# Domesticated foxes? Info wanted



## jaykickboxer (Feb 11, 2008)

As above I was watching a show on dogs and they mentioned a project in which they've selected the least likely to bite foxes and bred these together after ten years the foxes on the show started barking and devolving new colours and there ears changed I'm interested what type of fox are these and have any from this project made it to the pet trade ? 

Amy body else see the show and no what I'm talking about ?


----------



## Tarron (May 30, 2010)

jaykickboxer said:


> As above I was watching a show on dogs and they mentioned a project in which they've selected the least likely to bite foxes and bred these together after ten years the foxes on the show started barking and devolving new colours and there ears changed I'm interested what type of fox are these and have any from this project made it to the pet trade ?
> 
> Amy body else see the show and no what I'm talking about ?


I know of the project you talk about, they were surprised that the ones which showed the most tameness started to show similar colour patterns to collies and things.

I believe they were red foxes (Vulpes vulpes) but may be wrong.

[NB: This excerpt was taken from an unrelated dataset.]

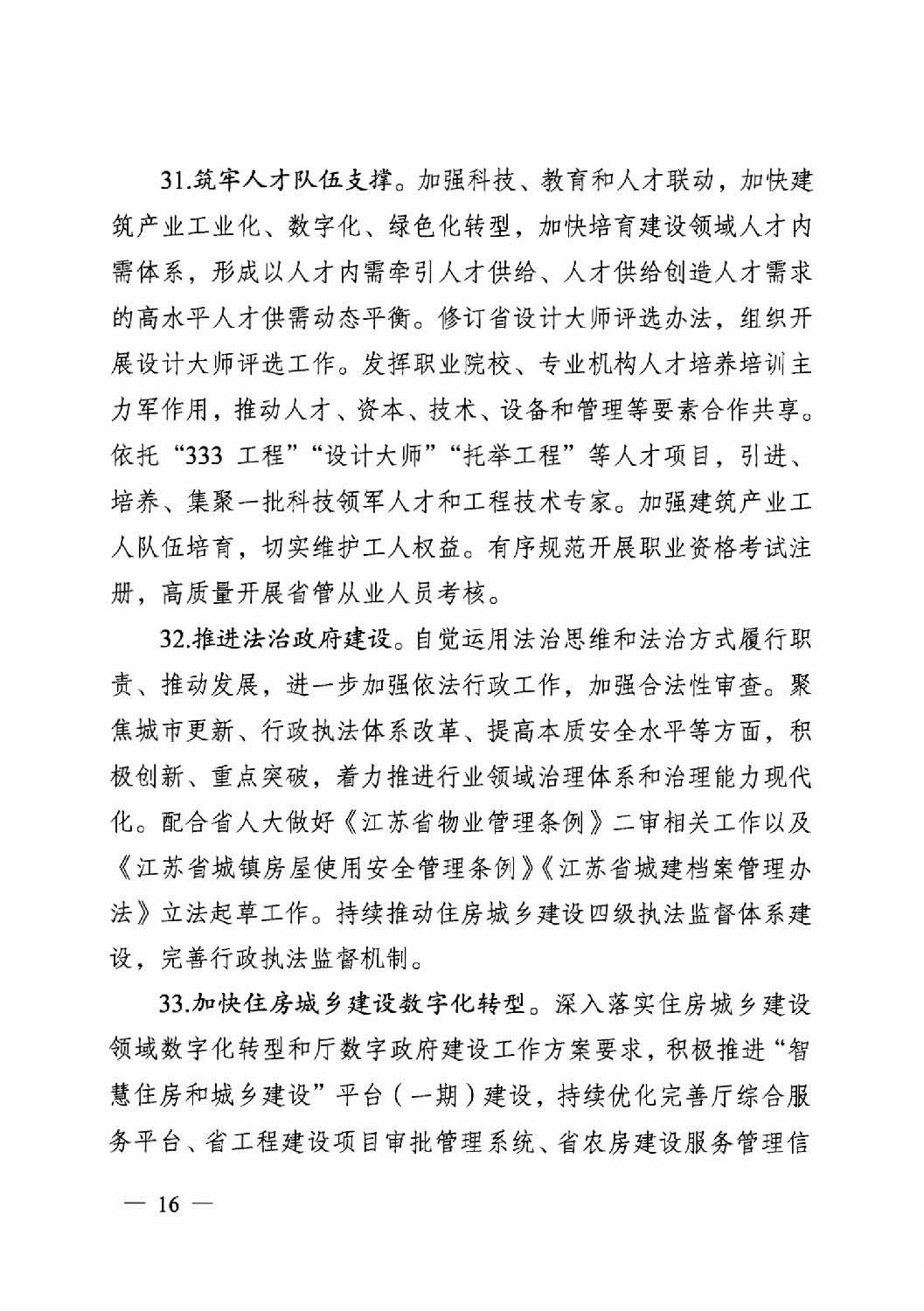 省住房城鄉(xiāng)建設廳關于印發(fā)2024年工作要點的通知_15.png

There are foxes in the pet trade and some members do own them. Disillusioned and Elina spring instantly to mind. They will be best placed to answer any questions I think.


----------



## Kare (Mar 9, 2010)

I seem to recall this study being mentioned here a few years ago. They were some kind of fur fox in Russia I thought. I recall the person who posted before said it was impossible to get these foxes, ie the ones from this breeding project.

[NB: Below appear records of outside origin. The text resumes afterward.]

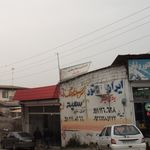 سنگ آنتیک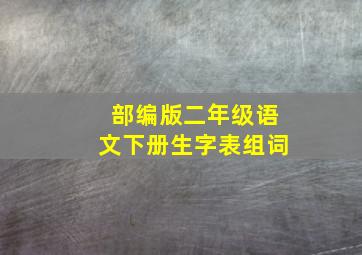 部编版二年级语文下册生字表组词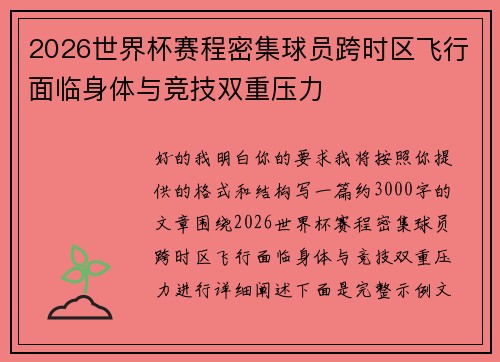2026世界杯赛程密集球员跨时区飞行面临身体与竞技双重压力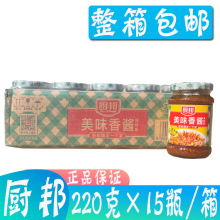 厨邦美味香酱220克*15瓶/箱 浓香入味调味酱烧烤点蘸爆炒火锅拌面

There are a large number of foxes for sale though currently, in many colours, just not this floppy eared group


----------



## jaykickboxer (Feb 11, 2008)

Tarron said:


> I know of the project you talk about, they were surprised that the ones which showed the most tameness started to show similar colour patterns to collies and things.
> 
> I believe they were red foxes (Vulpes vulpes) but may be wrong. There are foxes in the pet trade and some members do own them. Disillusioned and Elina spring instantly to mind. They will be best placed to answer any questions I think.





Kare said:


> I seem to recall this study being mentioned here a few years ago. They were some kind of fur fox in Russia I thought. I recall the person who posted before said it was impossible to get these foxes, ie the ones from this breeding project.
> 
> There are a large number of foxes for sale though currently, in many colours, just not this floppy eared group



I no u can get loads of types of foxes in the pet trade but its just the domesticated ones that interest me I'm surprised a few haven't ended up with breeders


----------



## Andy G (Sep 3, 2009)

It is a Russian project that is ongoing. It has been running for along time now, nearly 50 years. But very rapid and suprising results were achieved in quite a short time frame.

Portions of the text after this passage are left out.